Guest writer and editor, Alison Harmer, helps you strike a balance between home and office.
As freelancers, working from home has its benefits – it’s flexible, convenient, fits in with lifestyles and, most of all, is a lot cheaper than an office. But achieving two ‘must-haves’ in business – a professional image and a secure place to hold a meeting – can be tricky.
Home-based freelancers will probably be familiar with at least one of the following nightmares:
- Your children have a slanging match during an interview it’s taken you months to set up, leaving your interviewee annoyed and unimpressed.
- You forget to update the answer-phone or forward calls on the day that a major customer phones with a massive, urgent job. Frustrated, they give the project to someone else and you lose out on repeat work.
- A meeting you’ve arranged in a hotel lobby doesn’t go well when a passer-by comments on your ‘private’ conversation.
As these scenarios show, the home is not always the best environment for teleworkers (those using a phone and computer to work).
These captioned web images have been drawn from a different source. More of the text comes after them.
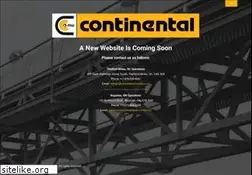 Sites similar to continentalconveyor.ca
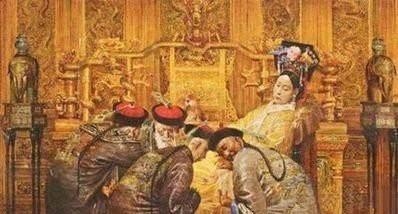 武器|大清的灭亡，真的是武器落后造成的吗？真相并非武器落后这么简单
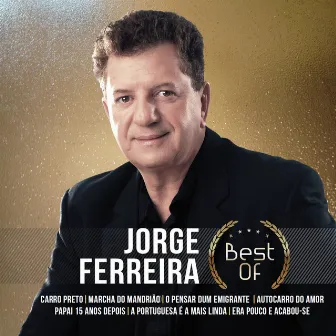 Best Of by Jorge Ferreira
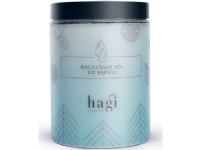 Hagi Hagi, Bochenska bath salt, 1200g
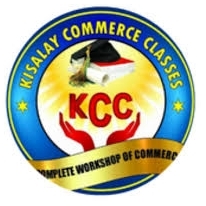 Kisalay Commerce  Classes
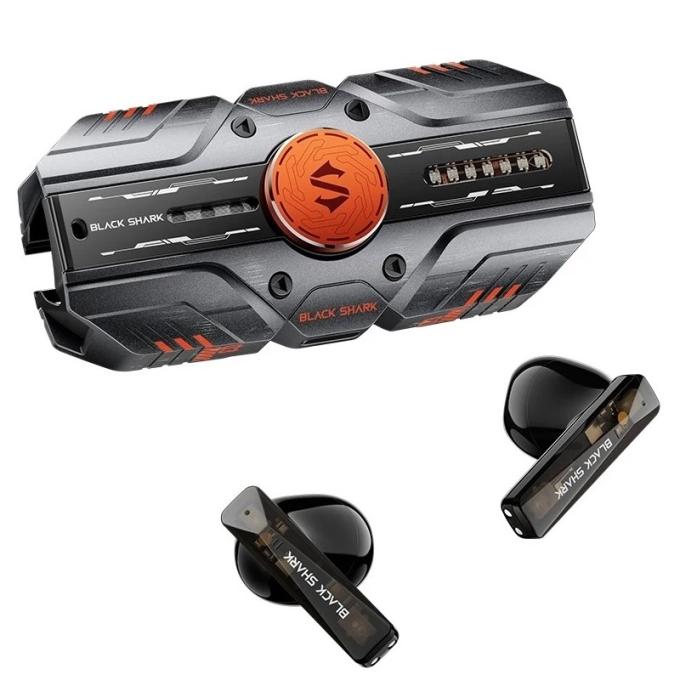 Black Shark BS-T3 Black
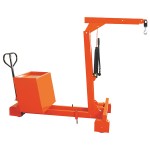 Balance Shop Crane JLPH550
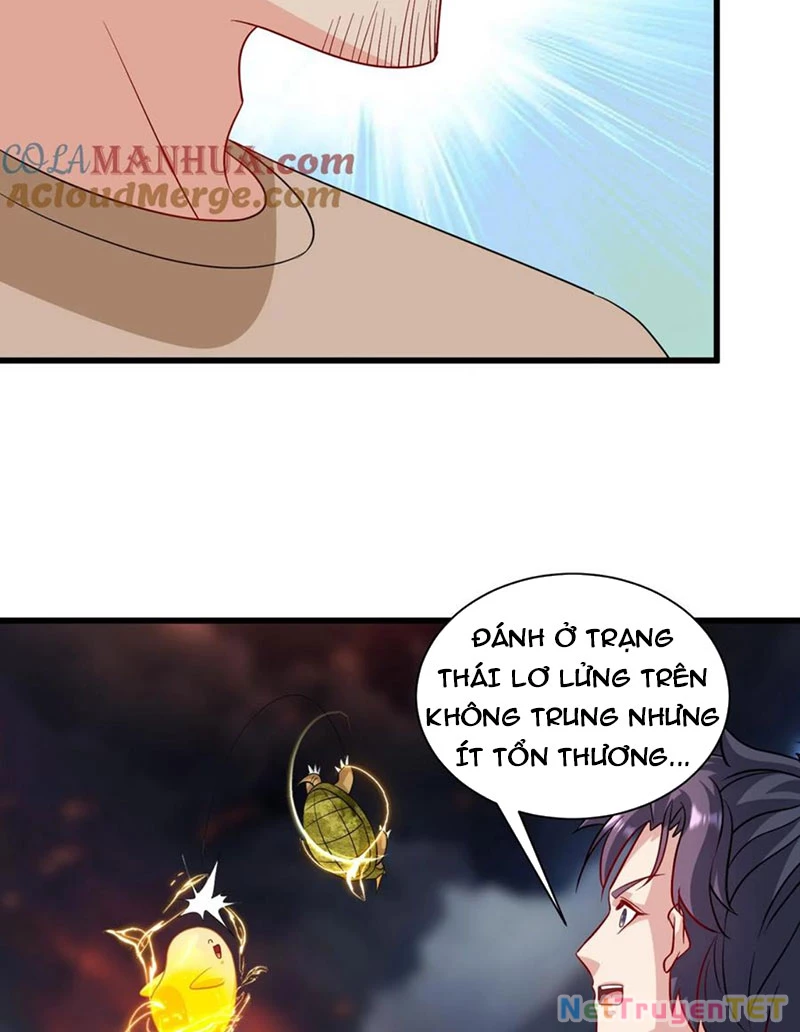 Slime ta treo cự long lên đánh là hợp lý nhỉ? Chapter 255 - 16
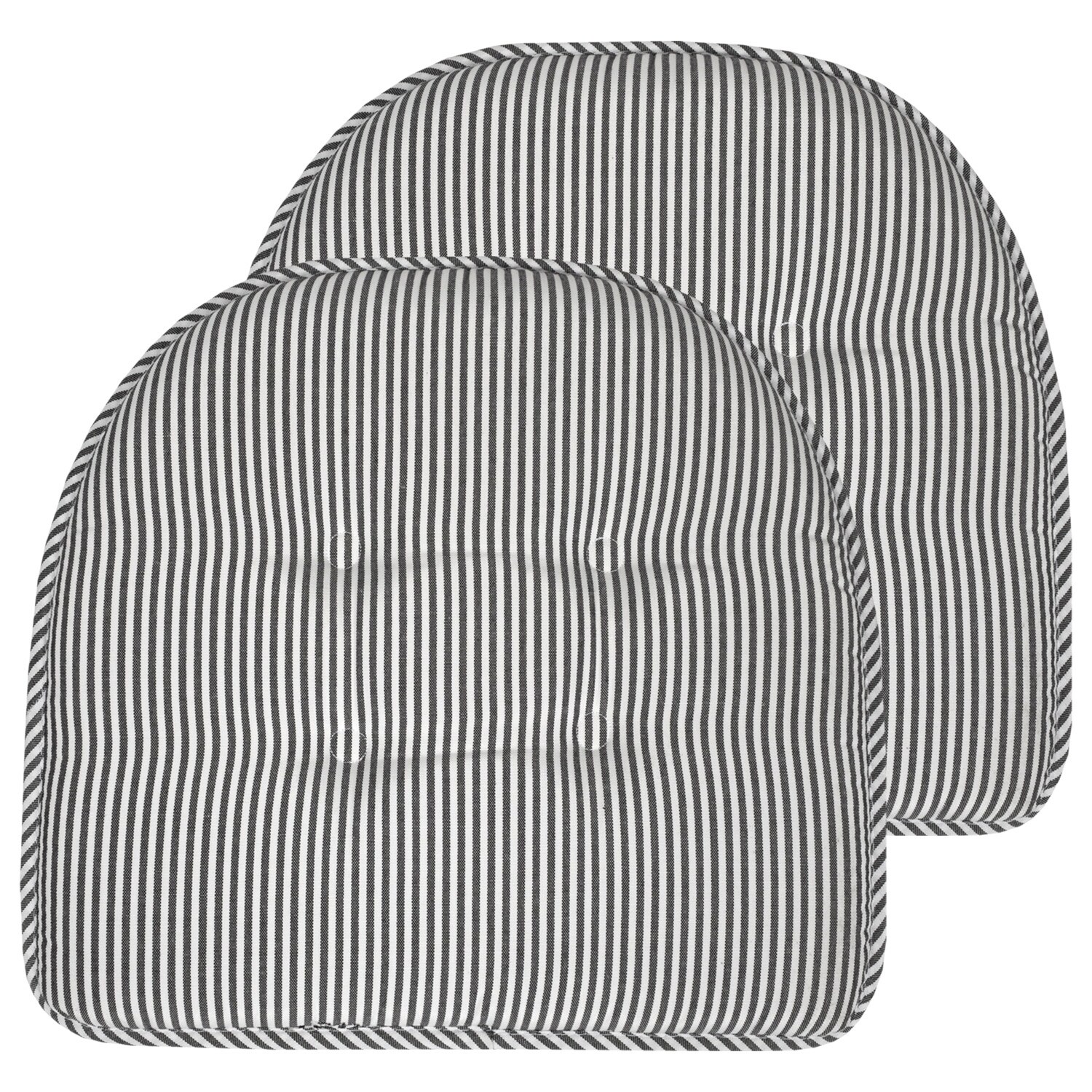 Memory foam chair pad sale bed bath and beyond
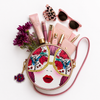 Stay In Your Magic Crossbody Bag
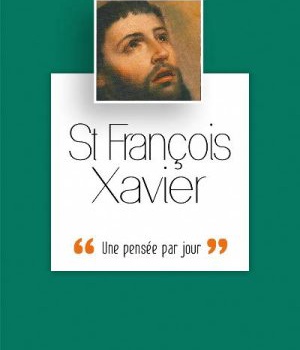 SAINT FRANCOIS XAVIER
A different approach can make a surprising difference. Alternative working locations that include homeworking can result in productivity gains of around £1.545 million a year, according to research by Durham Business School called Effective work in the 21st century (2007).
So if bad dreams have become a reality, perhaps it’s time to consider a ‘real’ office – somewhere other than the dining room, conservatory or spare bedroom.
Real doesn’t have to mean permanent – a full-time leasehold office from Monday to Friday is overkill for most freelancers.
So what are the alternatives and where do you start?
The first step is to decide on the kind of workspace you need and where. Property is a big fixed expense – second only to salary – so a traditional lease, which locks you into a contract for a fixed period, is probably not appropriate.
Making the move
- Decide on location. Do you want an office or meeting space close to home, so you can still dash back to do the washing, or would your business do better with a prestigious address or one close to clients?
- Consider going virtual. If you’re not quite ready for a physical office, try an answering service or a virtual office. They give you the best of all worlds – calls are handled for you while you work from home (or pop out for lunch) with no-one the wiser. A virtual office can also give you an impressive address for your masthead (even one in a city or country not your own) and handle your mail as well as your calls.
- Remain flexible. A business centre can provide you with serviced offices by the hour, day or longer. They’re usually fully fitted and furnished and save you money because you only pay for what you use and they allow you to upsize or downsize your business without the penalties associated with conventional leases.
- Meet somewhere professional. If you do need to meet a client, don’t pick public places such as cafes and hotels where you can be overheard. Serviced office providers offer meeting rooms designed for business. You won’t be disturbed, you’ll look more professional and your interviewee will feel more secure.
- Look into videoconferencing. As an alternative to a meeting, look at videoconferencing options. VC facilities are becoming more widespread and they’re especially cost-effective if you’re talking to people overseas, as well as reducing the environmental impact of travel.